- Apa Itu PPN?
- Tarif PPN di Indonesia
- Dasar Pengenaan PPN 1. Harga Jual 2. Penggantian 3. Nilai Impor 4. Nilai Ekspor 5. Nilai Lain
- Barang yang Kena dan Tidak Kena Pajak A. Barang Kena PPN (BKP) B. Barang yang Tidak Kena PPN (Non-BKP)
- Jasa yang Kena dan Tidak Kena Pajak A. Jasa Kena PPN (JKP) B. Jasa yang Tidak Kena PPN (Non-JKP)
Pajak Pertambahan Nilai (PPN) di Indonesia resmi naik per 1 Januari 2025. Tarif PPN yang awalnya 11% akan naik menjadi 12%. Hal ini pun membuat masyarakat bertanya-tanya, apa itu PPN sebenarnya? Mari simak penjelasan ini untuk mendapatkan jawabannya!
Dilansir detikFinance, kenaikan tarif PPN ini sesuai dengan Undang-Undang Nomor 7 Tahun 2021 tentang Harmonisasi Peraturan Perpajakan (UU HPP). Menteri Keuangan Sri Mulyani Indrawati menyatakan bahwa tarif PPN Indonesia yang saat ini 11% masih relatif rendah dibandingkan dengan negara lain.
Beberapa negara dengan tarif PPN lebih tinggi, seperti Brasil (17%), Afrika Selatan (15%), India (18%), dan Turki (20%). Meski begitu, Sri Mulyani juga mencatat bahwa beberapa negara seperti Thailand (7%), Singapura (9%), dan Australia (10%) memiliki tarif PPN yang lebih rendah daripada Indonesia.
SCROLL TO CONTINUE WITH CONTENT
Lantas, apa itu PPN sebenarnya? Jika ingin mempelajari PPN lebih dalam, sebaiknya jangan lewatkan pembahasan lengkapnya di bawah ini!
Apa Itu PPN?
Dikutip dari buku Pedoman Lengkap Pajak Pertambahan Nilai yang disusun Drs Chairil Anwar Pohan, Pajak Pertambahan Nilai (PPN) adalah pajak yang dikenakan atas setiap pertambahan nilai barang atau jasa dalam proses produksi dan distribusi hingga ke konsumen akhir. Dalam bahasa Inggris, PPN dikenal sebagai Value Added Tax (VAT) atau Goods and Services Tax (GST). Pajak ini berlaku di banyak negara, termasuk Indonesia, dengan tujuan utama meningkatkan pendapatan negara.

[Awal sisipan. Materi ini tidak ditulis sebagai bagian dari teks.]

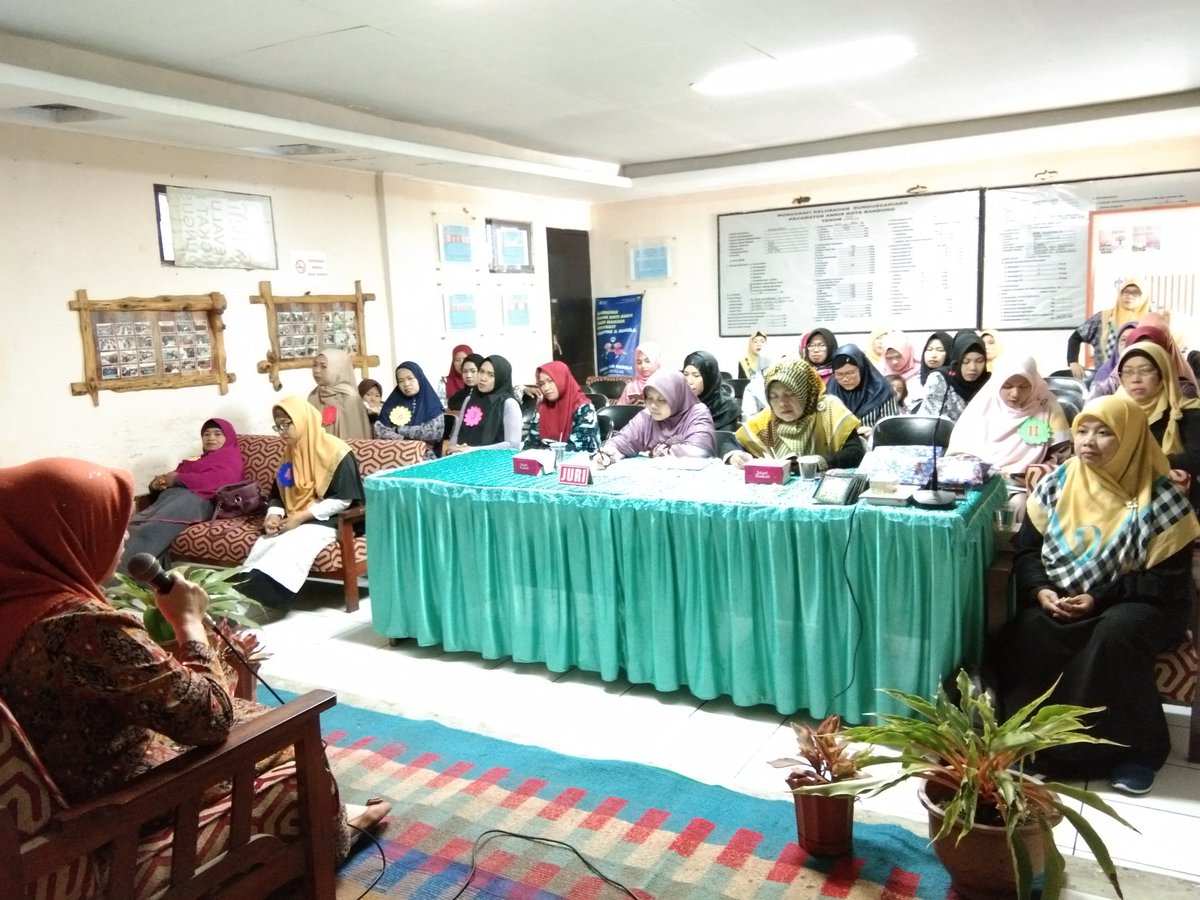 PKK_DC's tweet photo. Giat Lomba Tahfidz Qur'an Program PIPPK Lingkup PKK Tk.Kelurahan Dunguscariang #Dcberkibargemilang https://t.co/h64FVFRUz4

PPN merupakan pajak tidak langsung, artinya konsumen akhir yang menanggung pajak ini, tetapi pajak tersebut disetor oleh pelaku usaha. PPN dipungut pada setiap tahap transaksi dari produsen hingga pedagang. Proses pemungutannya melibatkan nilai tambah yang dihasilkan dalam pengolahan atau distribusi barang dan jasa.
Konsep nilai tambah mencakup selisih antara harga jual dengan harga beli suatu produk. Nilai ini mencerminkan upah, biaya produksi, serta laba yang dihasilkan oleh produsen atau pedagang. PPN dihitung berdasarkan nilai tambah ini, sehingga pajak dikenakan secara bertahap pada setiap proses ekonomi.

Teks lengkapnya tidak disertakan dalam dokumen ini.